I’m not as confident as McKeon that feminism has gone wrong or that people are “abandoning” it rather than increasingly adopting feminism as a perspective and an identity (as data shows). But her larger point remains: there are folks out there, organized into movements, who hate feminism and everything they imagine feminism stands for.

McKeon proves a trustworthy and entertaining guide taking us through the tangled mess of lies, deliberate misunderstandings, and sad self-centredness that characterize the groups arrayed against the progress of feminism. Occasionally funny and appropriately snark, she introduces us to five.

First up are the female members of the pro-patriarchy men’s rights activists (feMRAs) who use the voice and the social power that feminism earned for them to spit invective in feminism’s face—and McKeon’s too. Stepford doyennes of New Domesticity invited us “back to the kitchen,” cloaking their arguments in a comforting nostalgia for a gendered simplicity and social peace that never actually existed. A well-documented and rangy chapter about women and paid employment reminds us of nagging questions about the wage gap, the mom penalty, and the dearth of feminist business leaders, and offers a succinct review of the Gamergate scandal as an example of how tough it is for women to make a living doing work they care about.

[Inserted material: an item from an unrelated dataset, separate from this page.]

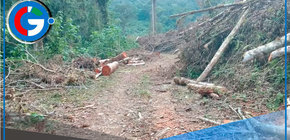 Serfor investiga tala ilegal en área de conservación en San Ignacio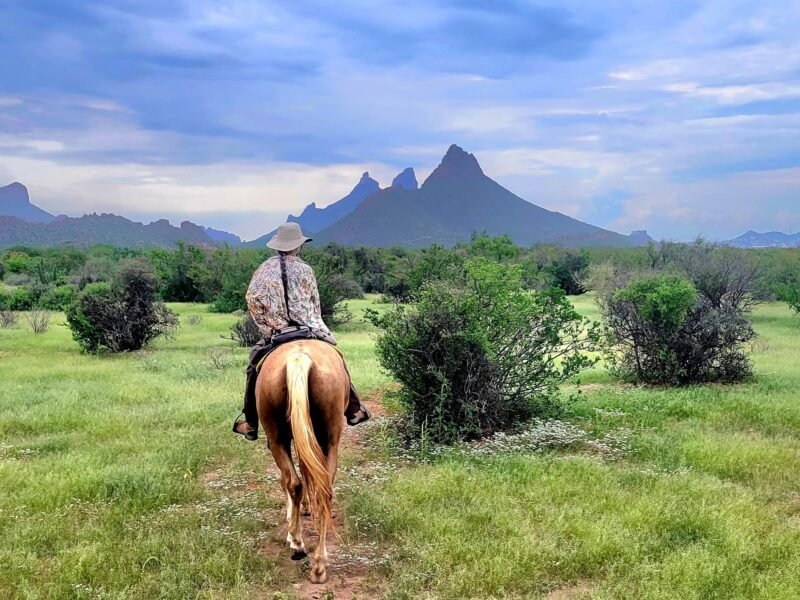 El Rancho del Desierto (Astrid Ranch)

And then McKeon takes us into the “bucolic” guest room of a woman I can only call a “Mother Defending Misogyny,” a woman who simply can’t believe that her own son might be capable of sexually assaulting a woman. As a mother, I can understand the emotional and cognitive distortions these women might go through wanting desperately for their children to be innocent, indeed, incapable of intimate, dehumanizing cruelty. It’s simply easier to see a frat boy son as a target rather than a rapist. But did these moms ever consider the harmed daughters, or the moms of their sons’ victims? At this point, I had to put the book down for a few days.

For the final stop on this tour of anti-feminist hell, McKeon takes us to the anti-abortion movement to meet activists who proclaim they are “pro women” while working to constrain the rights of those facing unwanted pregnancies and to undermine the autonomy of all women.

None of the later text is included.